Nein, von ihr hatte ich frühzeitig gehört, ihr aber zunächst nicht viel Aufmerksamkeit geschenkt. So erzählte mir eine Frau, dass sie als Kind von ihrer Mutter gewarnt wurde, nicht zu spät vom Spielen nach Hause zu kommen, sonst werde sie Marzebilla treffen, und die mache etwas Böses. Das Theater in Most führte ein Stück über sie auf, Touristen machten sich auf die Spuren der Sagengestalt. Man kannte sie im Norden des Erzgebirges ziemlich gut, während sie im westlichen Teil fast unbekannt blieb. Ich habe sie eigentlich erst dann registriert, als eine nordböhmische Agentur einen Wettbewerb um den Herrscher des Erzgebirges ins Leben rief – so etwas wie Rübezahl im Riesengebirge. Es kamen verschiedene Vorschläge, wie Berggeist und dergleichen, am Ende gewann Marzebilla.
Und du hast dich entschieden, über sie Filme zu machen?
Überhaupt nicht. Der Wettbewerb endete, das Projekt wurde abgeschlossen, ein Strich gezogen – und das war es. Mir tat es in diesem Moment irgendwie leid. Wenn sogar Rübezahl Mitarbeiter eines Nationalparks sein kann, in Märchenfilmen auftritt, sogar fast auf jedem Souvenir abgebildet ist, warum kann nicht auch Marzebilla leben. So begann ich mit Recherchen.
Damals ging es um die Fakten aus der regionalen Mythologie. Warum hast du dann den Weg der Fiktion gewählt?
Es hatte eine gewisse Logik. Ein Dokumentarfilm kann ein Vorläufer für einen Spielfilm sein. Und wenn Marzebilla zum Leben erweckt werden soll, kann die Geschichte nicht irgendwo im letzten Jahrhundert enden, sie muss bis in die Gegenwart gehen. Ich dachte zwei Jahre darüber nach, wie ich Legende und Gegenwart verbinden könnte, damit für Tschechen und Deutsche eine universelle Botschaft entsteht, die für beide akzeptabel ist.

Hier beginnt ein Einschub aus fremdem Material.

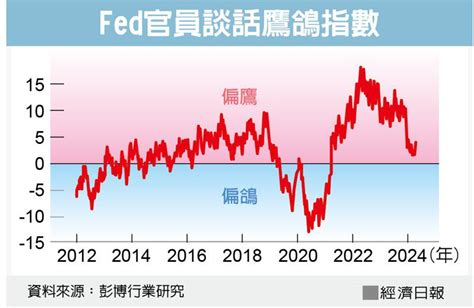 美通膨高掛 Fed鷹聲再起 美國財經 財經 世界新聞網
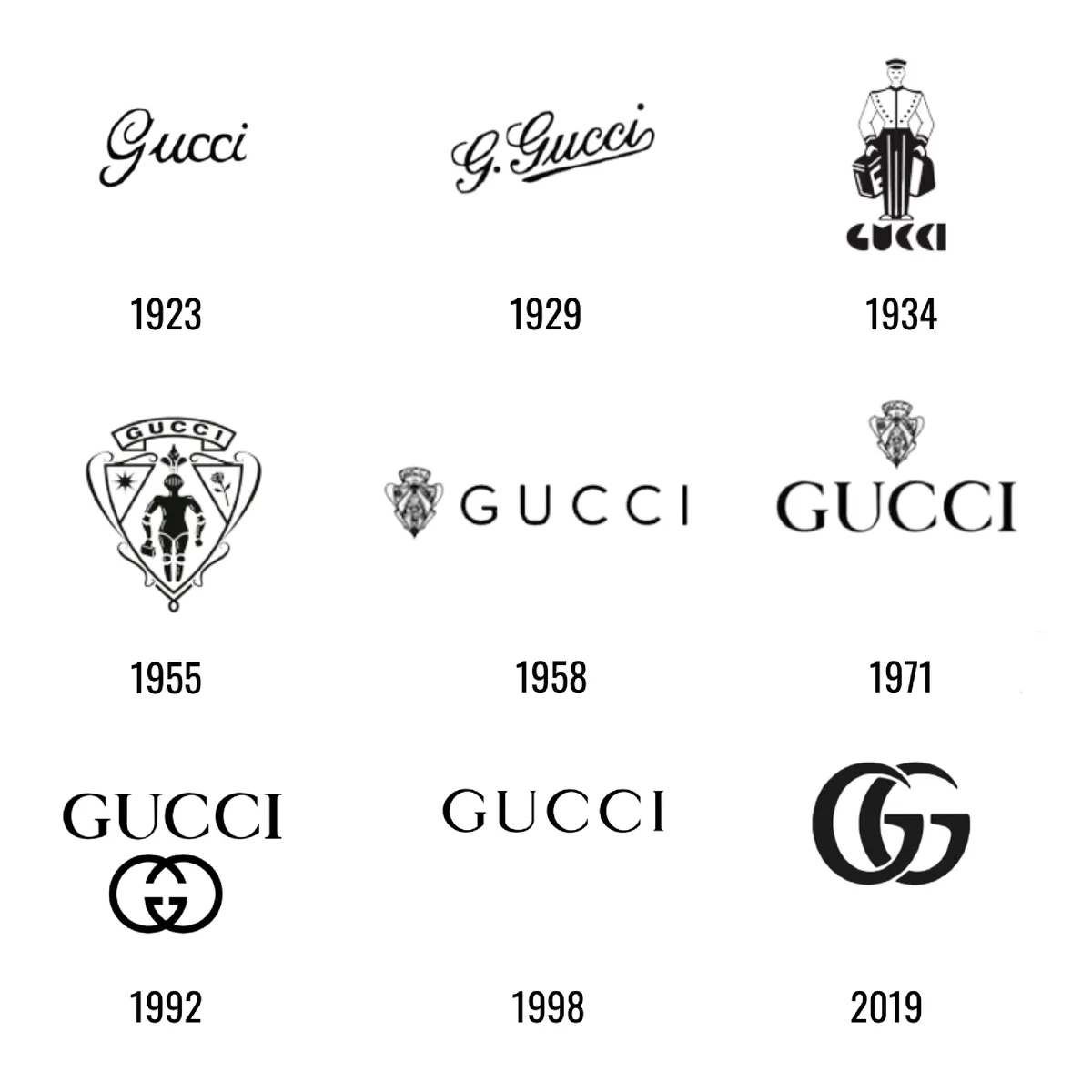 История логотипа Gucci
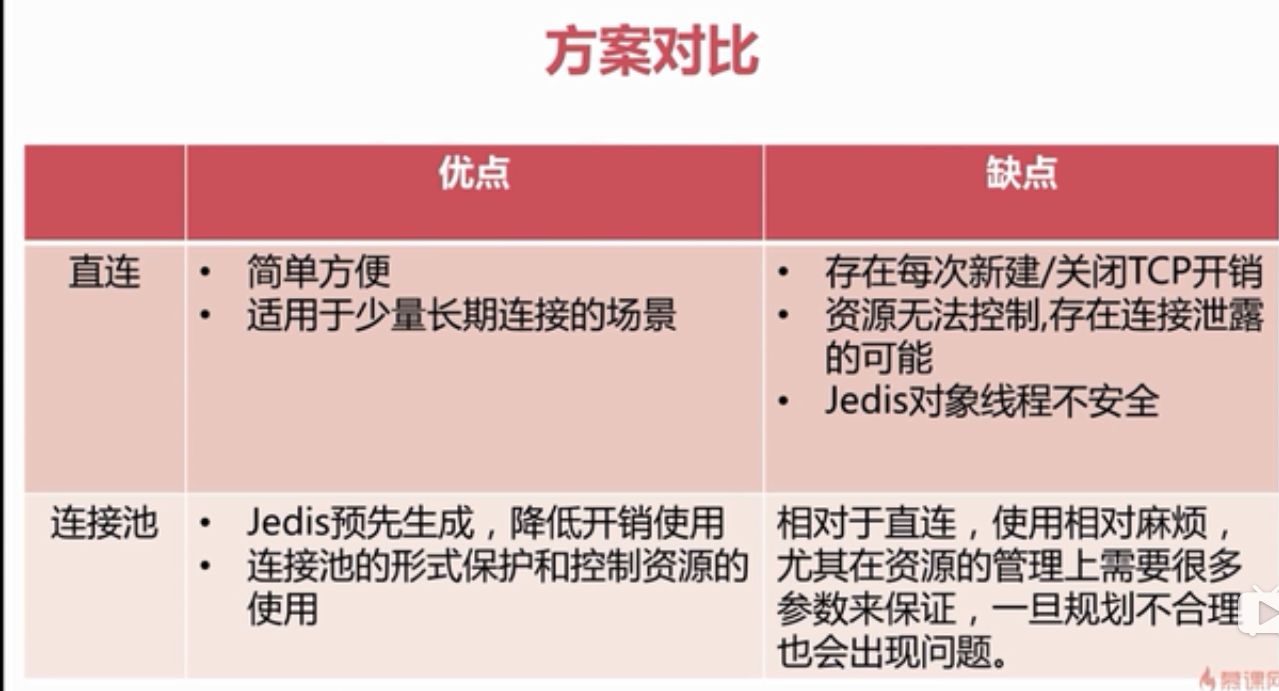 Redis时延问题，慢查询优化- LeeJuly - 博客园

Und die Leute akzeptierten es?
Ich habe versucht, die Geschichte immer ernst darzustellen, rational, aber so, dass man genau erkennen kann, wann ich mir etwas ausgedacht habe. Die Leute haben das Spiel angenommen. Im Buch über Marzebilla und in meinen Filmen sind mehr als 70 Prozent der Geschichten real – die Menschen, die Handlungen, und auch die Orte, an denen sie stattfinden.

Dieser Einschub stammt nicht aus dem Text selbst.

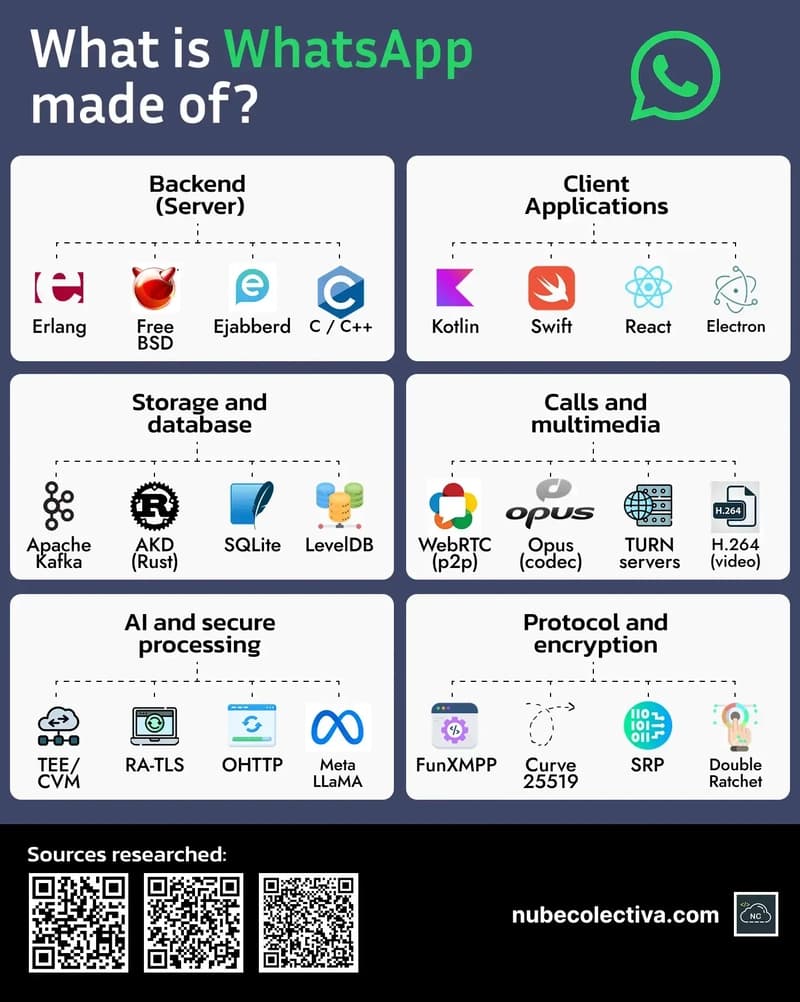 24 Technologies that WhatsApp is Built with 🌱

Du hast eine Reihe von Filmen über Marzebilla gedreht. Jetzt liegt das erste deutsch-tschechische Buch über die Sagengestalt vor. Was kommt als nächstes?
Ich würde gerne das Buch verfilmen. Wir haben seit 2015 schon einen Teil abgedreht, aber für die weitere Arbeit fehlen uns derzeit die finanziellen Mittel. Wir werden jetzt erst einmal Kurzfilme über das Erzgebirge produzieren. Wir wollen für das Museum Abertamy Szenen aus dem mittelalterlichen Bergbau mit der 360-Grad-Kamera drehen. Und es wird ein Projekt „Zeitmaschine“ geben. Dabei können die Besucher einen Knopf drücken und unternehmen eine Zeitreise – Mittelalter, Antike, Neuzeit. Und auf einem Bildschirm wird auch Marzebilla sprechen. Aber das alles ist erst der Anfang. Es ist eine große Aufgabe, Marzebilla dem Erzgebirge zurückzugeben.